味本・旅本ライブラリー<3>『食の堕落と日本人』 小泉武夫著

2005年08月28日 | 味本・旅本ライブラリー
「食育」という言葉を、最近耳にする機会が多くなりました。ファーストフードやファミレス、ジャンクフードに押されていく中、失われつつある日本の食文化を見直したり、農産品の生産の現場や漁業の現場などを見に行くことは、食べ物の大切さを学ぶとても意義のあることでしょう。私もこの夏、家族で青森県の弘前郊外にある農家のお宅に泊めていただき、子供たちはリンゴ畑の草取りをやったり、畑からトマトを収穫してかじったりと、めったにない体験にたいそう喜んでいました。もっとも学校の宿題の作文に書いてあったのは、夜見に行った青森のねぶた祭りのことでしたが。

 閑話休題。著者の小泉武夫先生は東京農大の教授であり、発酵学の権威。本書では日本の食文化に並々ならぬ深い造詣と愛情をもっていらっしゃる先生が、その危機的状況に、さまざまな面から警鐘を鳴らしています。特に、食は人間の体だけでなく、心や精神の形成にも影響しているという話は実に興味深い。以前、先生の講義を聴きに言った際、「日本人は肉食をはじめてまだ百数十年しか経っていない。だから欧米の肉食文化に対応できる体質になっていない」という話がありました。農耕と漁撈で食をまかなう、温厚で我慢強い民族だった日本人がやたら「キレる」ようになったのは、この欧米の肉食中心の食文化の影響をはじめ、ファーストフードやジャンクフードの過剰摂取のおかげで不足する栄養素が生じたり、朝食ぬきの恒常化などが原因なのだとか。食生活の変化が人間の心と体に及ぼす影響は、私たちが考えている以上に多大なようです。

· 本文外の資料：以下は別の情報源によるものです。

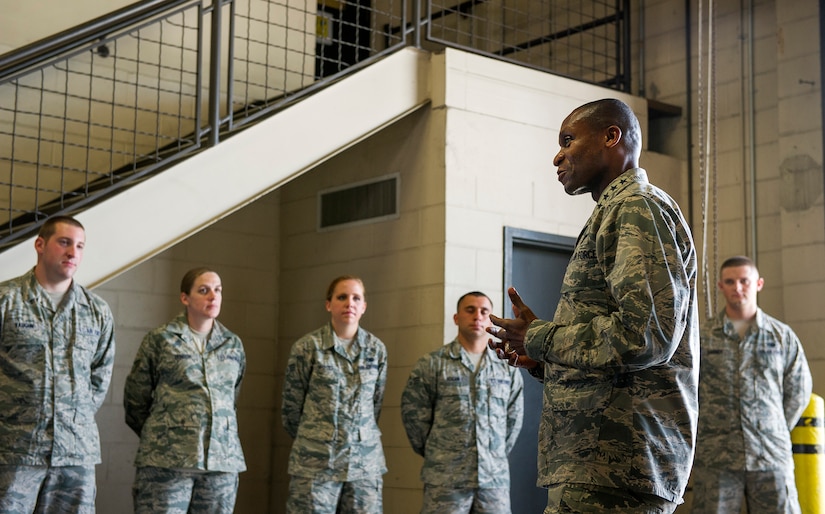 Gen. Darren McDew, Air Mobility Commander commander, speaks to 437th Aerial Port Squadron Airmen about their accomplishments and contributions to the air mobility mission July 11, 2014, at Joint Base Charleston, S.C. The AMC commander interacted with service members, families, Department of Defense civilian employees, contractors and local civic leaders at JB Charleston during his three-day visit. (U.S. Air Force photo/Senior Airman George Goslin)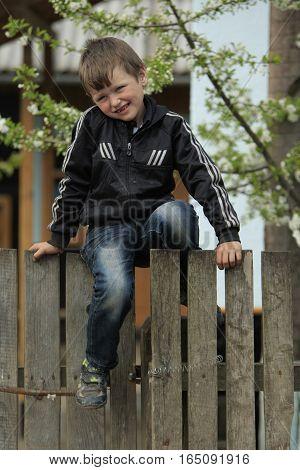 STINKA UKRAINE - APRIL 14 2016 - little country kid sits on a fence at the yard on April 14 2016 in Stinka village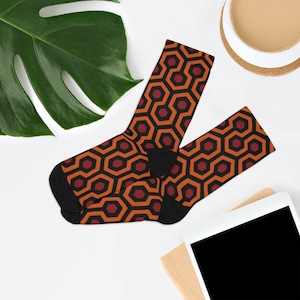 May include: A pair of socks with a repeating geometric pattern in orange, red, and black. The pattern resembles the carpet from the movie "The Shining".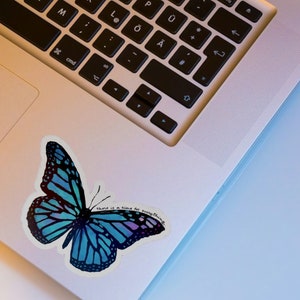 May include: A blue butterfly sticker with the text "there is a time for everything" on a silver laptop.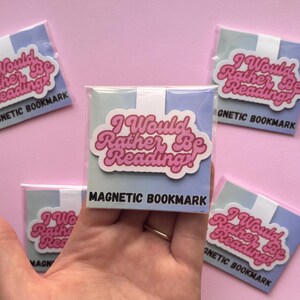 May include: Magnetic bookmarks with the text "I Would Rather Be Reading!" in pink and white, packaged in clear plastic. The bookmarks have a light blue and white background. The words "MAGNETIC BOOKMARK" are printed in black.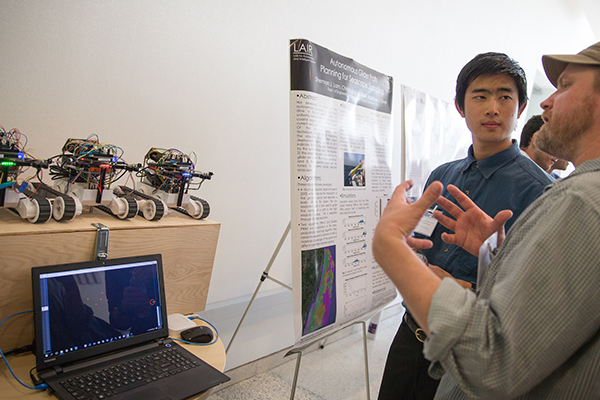 Music Ph.D. candidate Colin Zyskowski demos his networked robots at the Southern California Robotics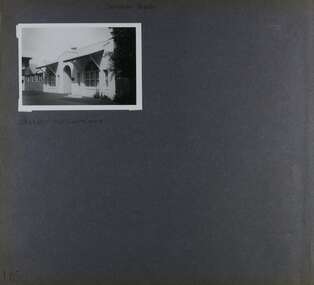 1 photo with view of single storey white building with arched doorway entrance.  Other buildings may join up to it. 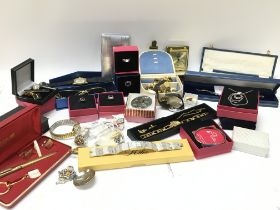 A collection of boxed costume jewellery including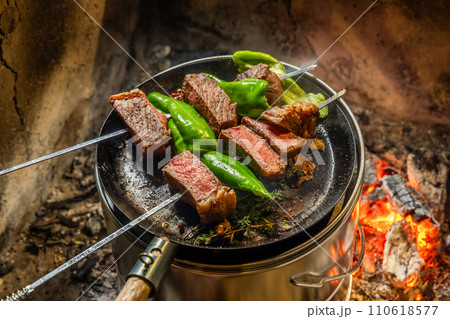 ワイルドに焼くステーキ Grill a steak over an outdoor ワイルドに焼くステーキ Grill a steak over an outdoor 110618577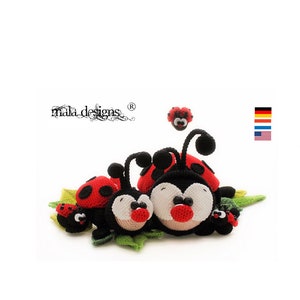 Può includere: Una famiglia di cinque coccinelle all'uncinetto in rosso, nero e bianco, sedute su foglie verdi. Le coccinelle hanno occhi neri e punti rossi. La coccinella più grande è al centro, con due coccinelle più piccole su entrambi i lati e due coccinelle ancora più piccole alle estremità.
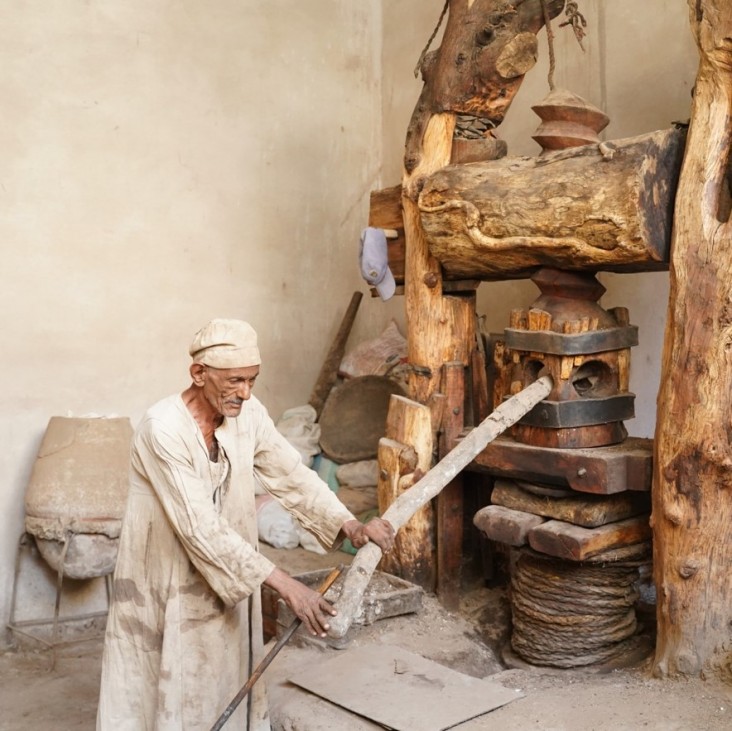 Man at oil press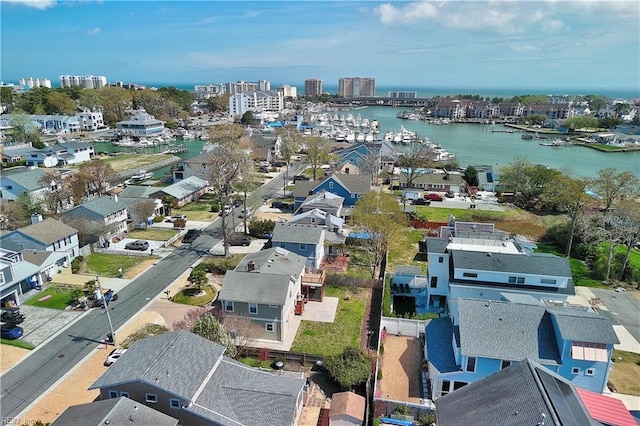aerial view of residential area featuring a nearby body of water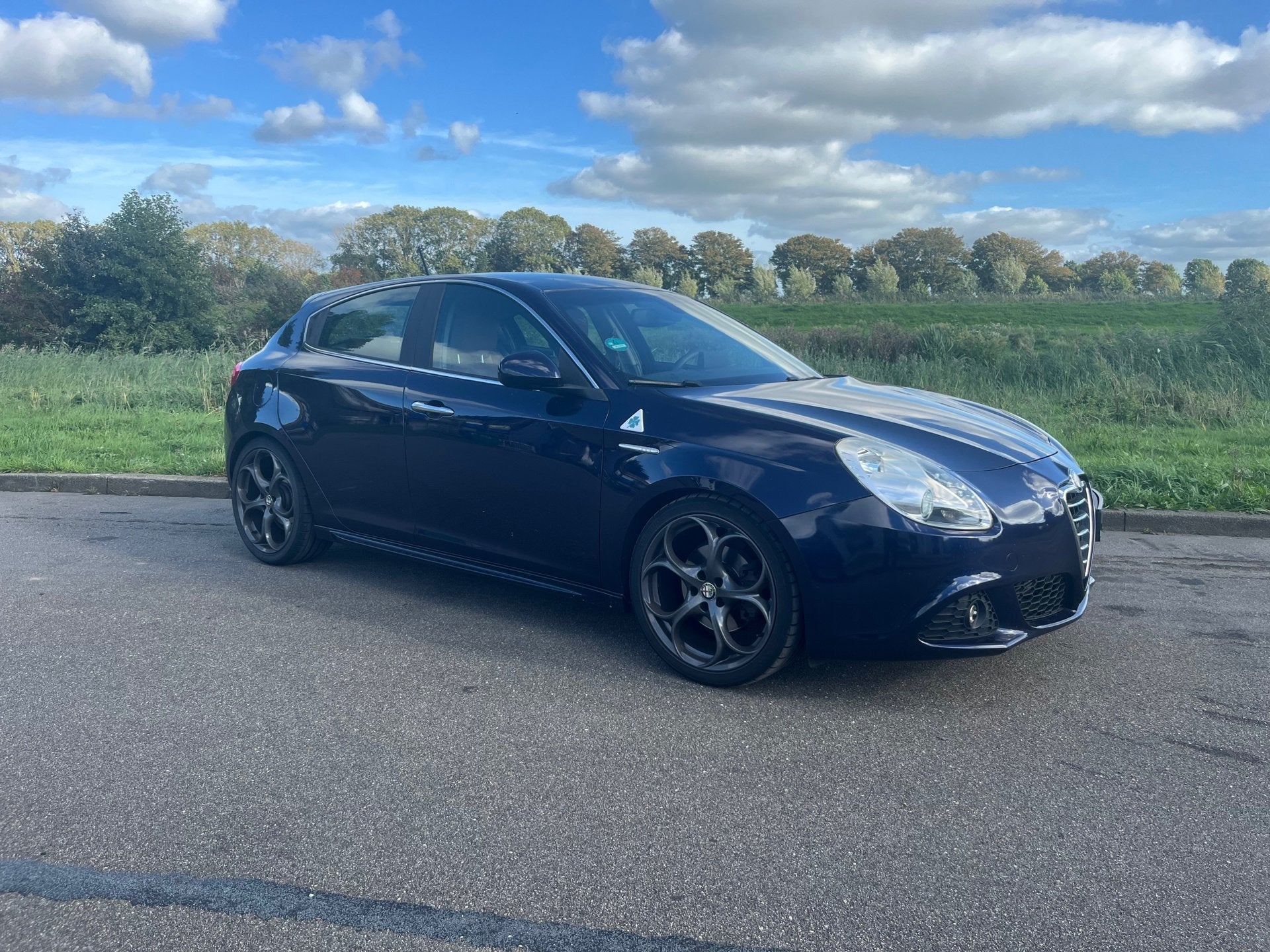 Alfa Romeo Giulietta 1.4 T Distinctive BJ 2012 AIRCO LEER 19, Auto's, Euro 5, Gebruikt, 4 cilinders, Blauw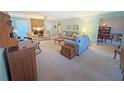 Spacious living room featuring a brick fireplace, neutral walls, and classic furnishings at 2251 Stag Run Run, Suwanee, GA 30024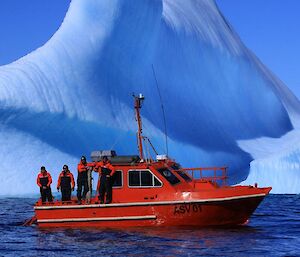 An orange work boat, called the Wyatt Earp, with four people out on deck, in front of an iceberg.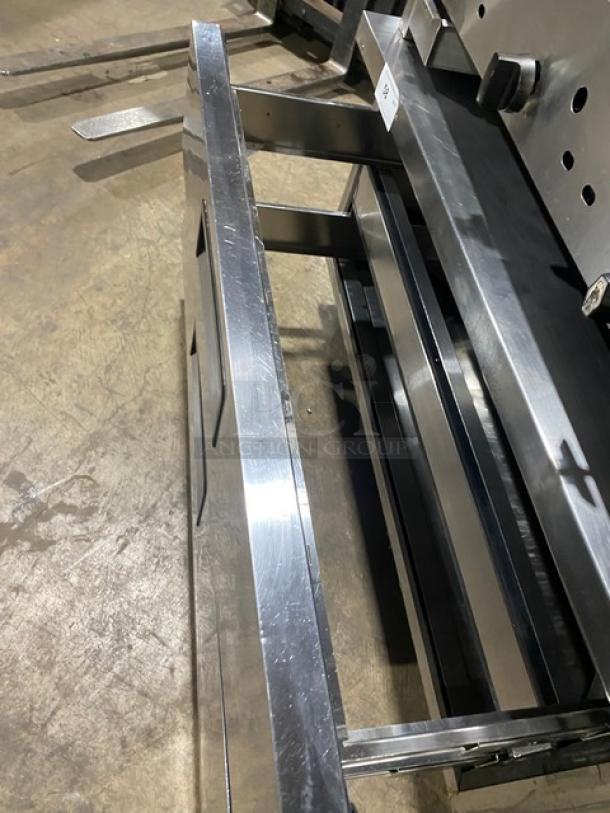 Migali commercial stainless steel 2-drawer refrigerated chef base on casters, open drawers, durable condition.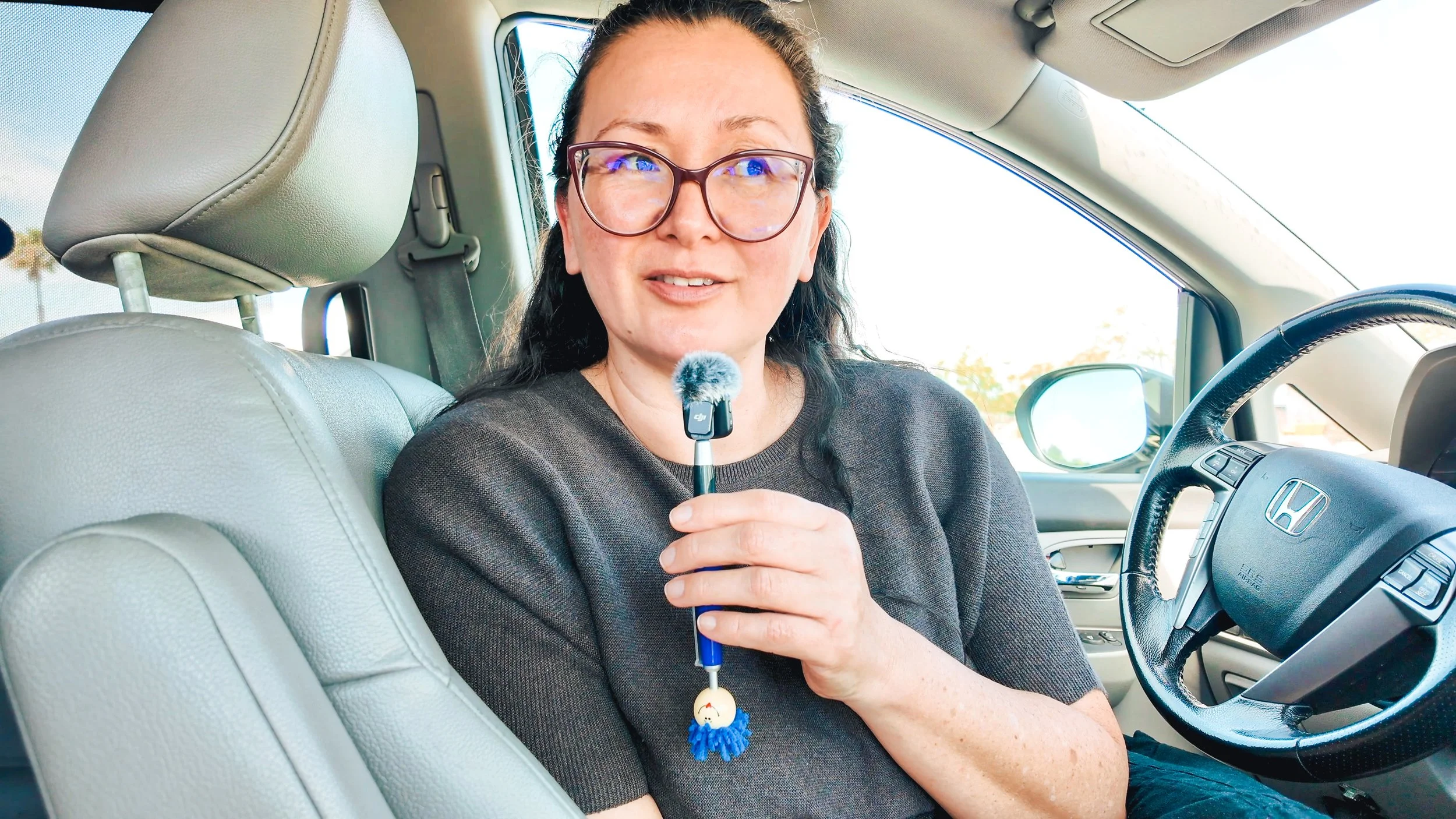 A woman sitting in the driver's seat of a car, holding a small handheld microphone with a fuzzy windscreen, wearing glasses and a black shirt, with a beige interior and a Honda steering wheel visible.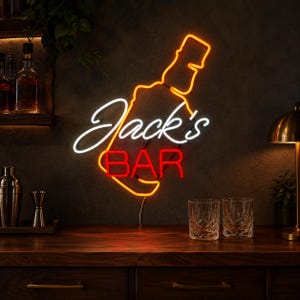 Può includere: Un'insegna al neon con il contorno arancione di una bottiglia di liquore, il testo in corsivo bianco Jack's e il testo in stampatello rosso BAR. L'insegna è montata su una parete scura sopra un bancone in legno con due bicchieri trasparenti.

 そんなわけでこの本、自らの食生活を見直すきっかけになる一冊です。ややハードなテーマですが、ところどころ先生独特の軽妙なタッチで描かれているので、結構さらりと読めてしまうこと間違いなし。特に鰹節や梅干、日本酒など、代表的な食材の現状と再評価の記述の中でも、納豆とくさやに対する記述は情熱がほとばしる。くさいもの愛好家としても権威である先生の別称は「食の冒険家」。その愛称にたがわぬ、とんでもないものを食べ歩いた話が別の本にありますので、機会があればご紹介します…。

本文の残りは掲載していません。